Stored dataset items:
━━━━━━━━

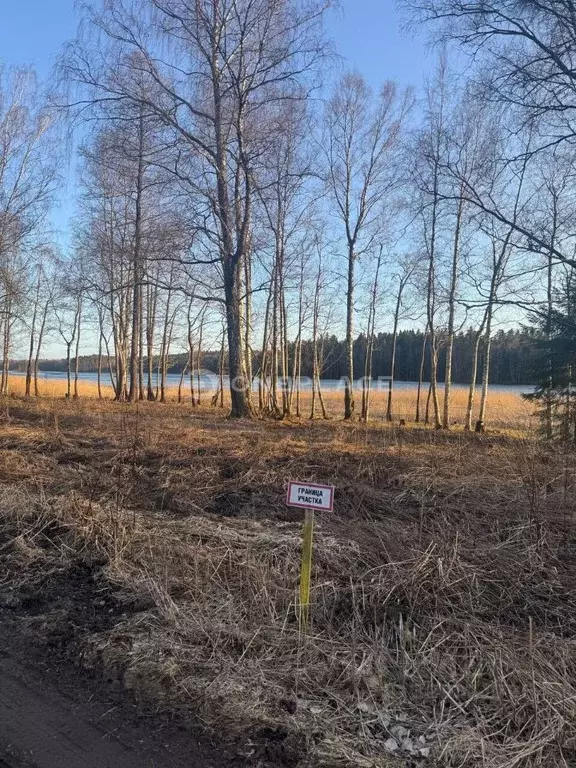 Участок в Ленинградская область, Приозерский район, Мельниковское ... - Фото 1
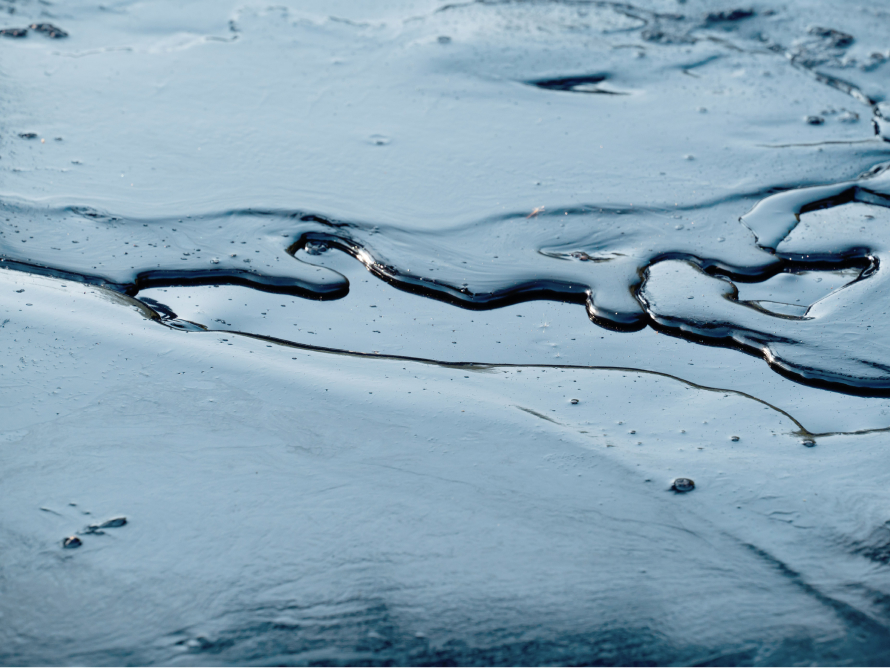 Image for Slop/Slugde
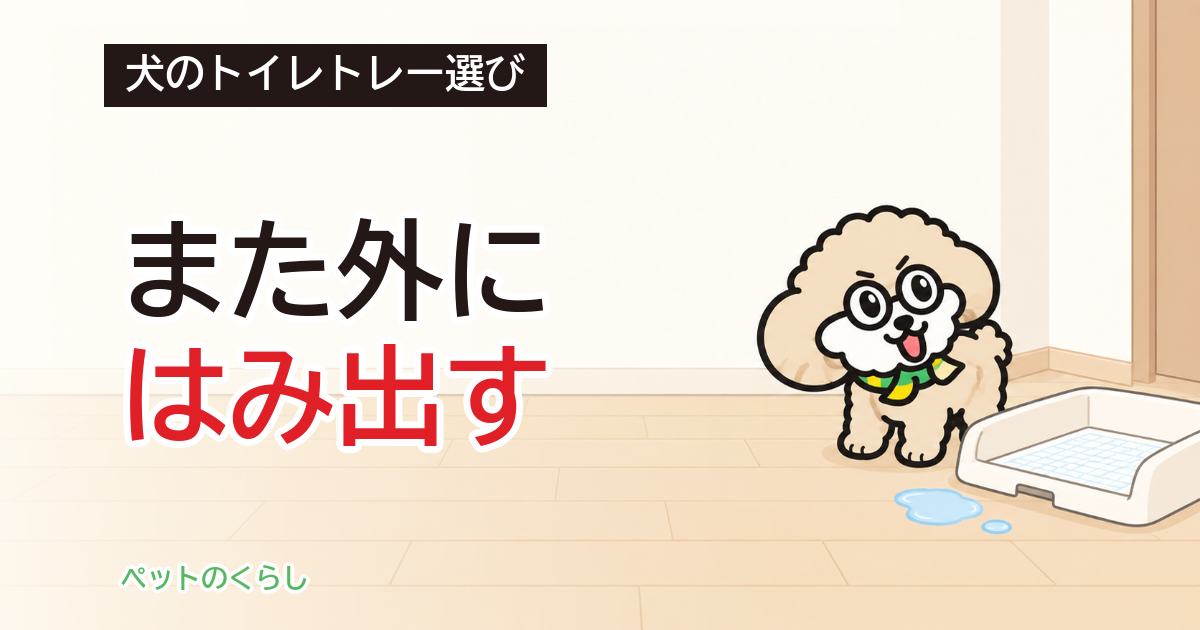 犬のトイレトレーのはみ出し防止｜囲うべきかと高さの選び方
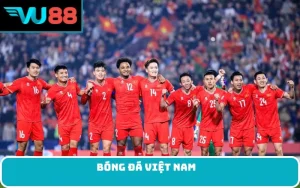 Bóng đá Việt Nam
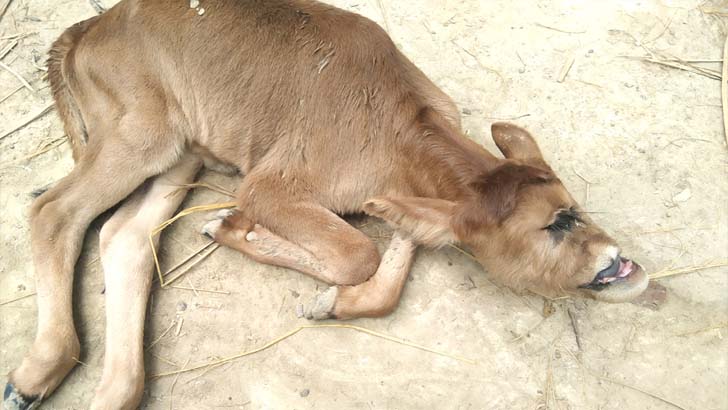 নাক ছাড়া এক চোখ ওয়ালা বাছুরের জন্ম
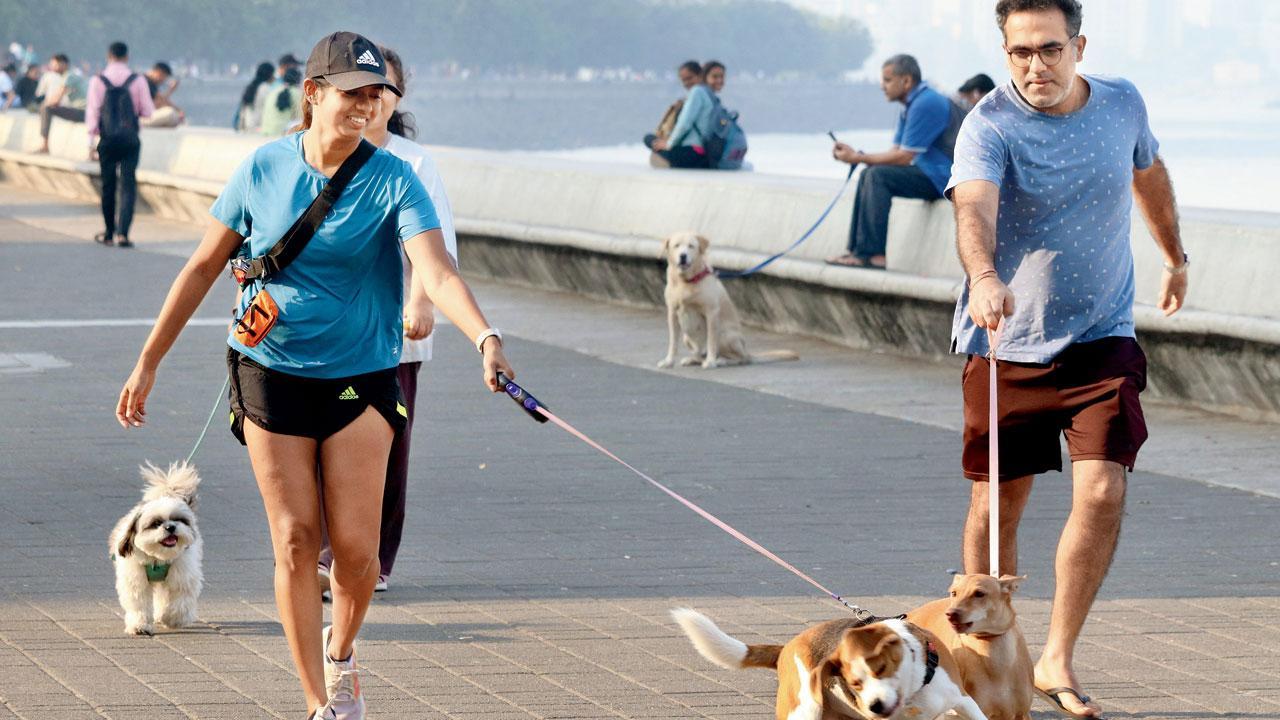 Mumbai Diary: Friday Dossier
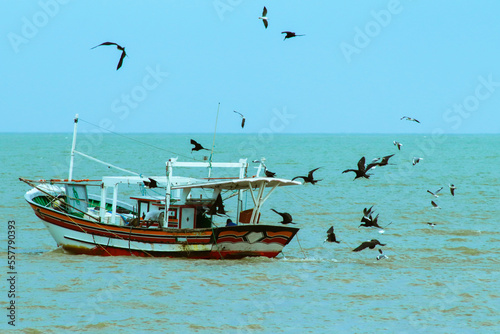 Campos dos Goytacazes, RJ, Brazil, 2022 - Frigatebirds and terns fight for fish trapped inside a fishing net of a fishing boat on Farol de Sao Tome Beach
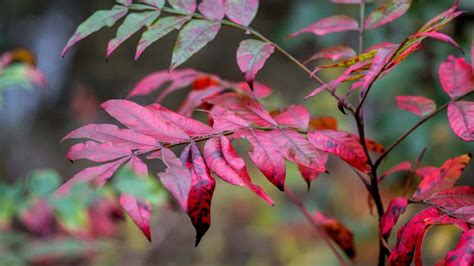 Sumac Tree Care: Shrub Cultivation and Support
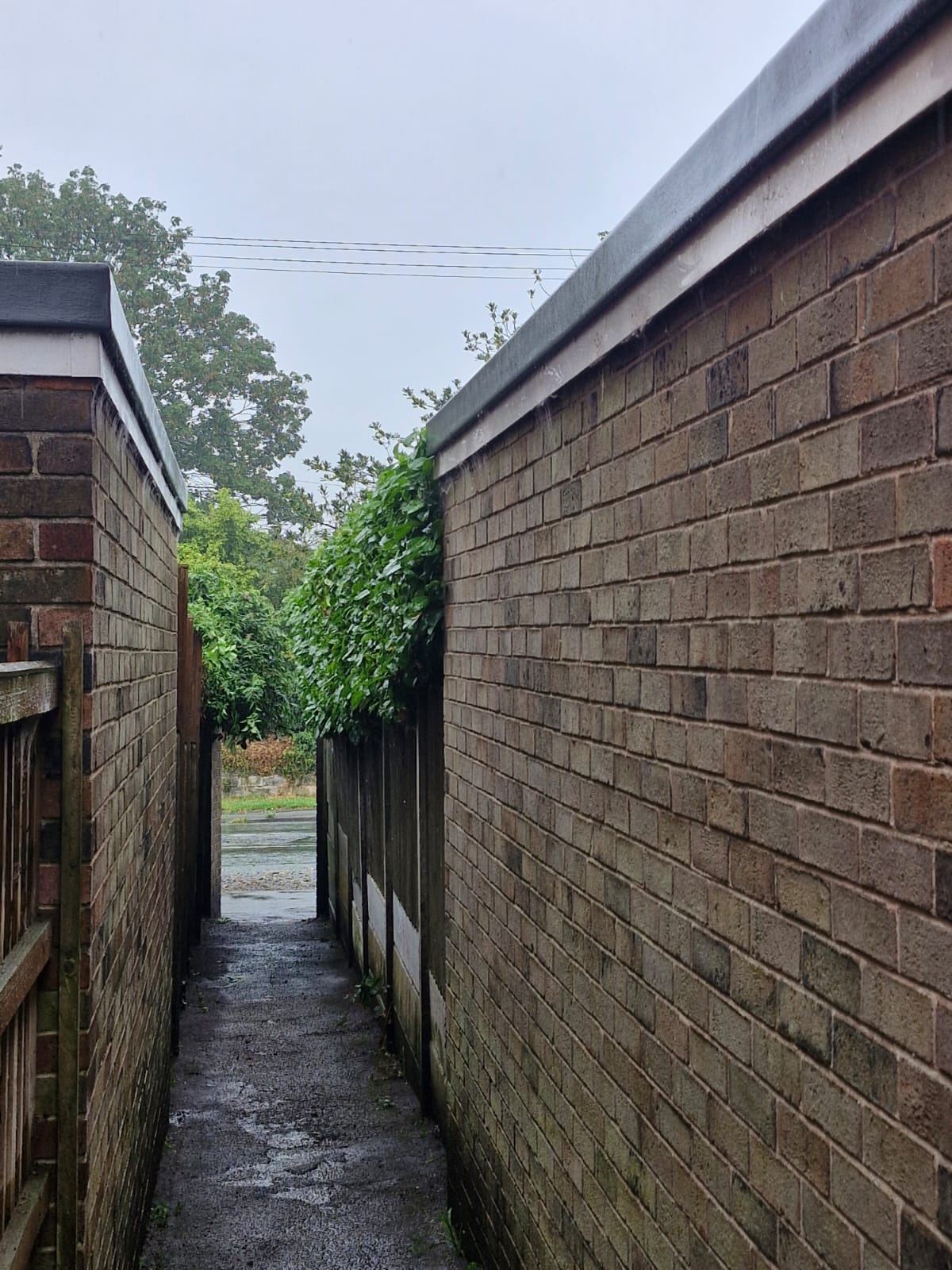 A brick-walled alleyway with the overhanging laurel cut back to clear the path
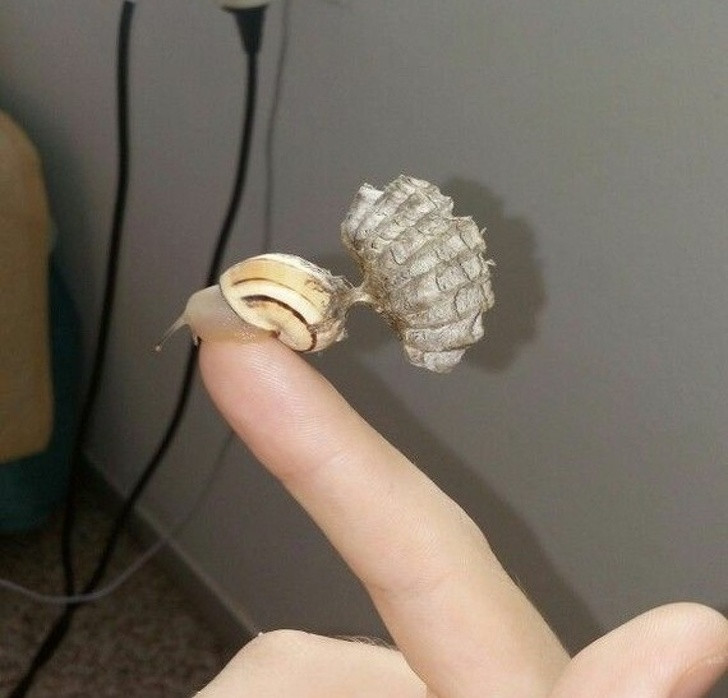 Ảnh: BrightSide Ảnh: BrightSide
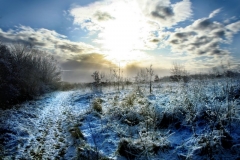 joel-ramsay-millenium-community-woodland-winter-wonderland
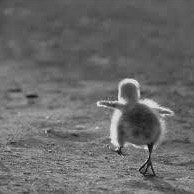 Hey im Larry. Happily married with my Macy. FREE THE CHICKS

━━━━━━━━

Instructions to follow:
Output only these lines, word for word: the line containing "Ảnh: BrightSide Ảnh: BrightSide" and every line after it through the last line of the data. Omit the pictures.

Result of the exercise:
 Ảnh: BrightSide Ảnh: BrightSide
 joel-ramsay-millenium-community-woodland-winter-wonderland
 Hey im Larry. Happily married with my Macy. FREE THE CHICKS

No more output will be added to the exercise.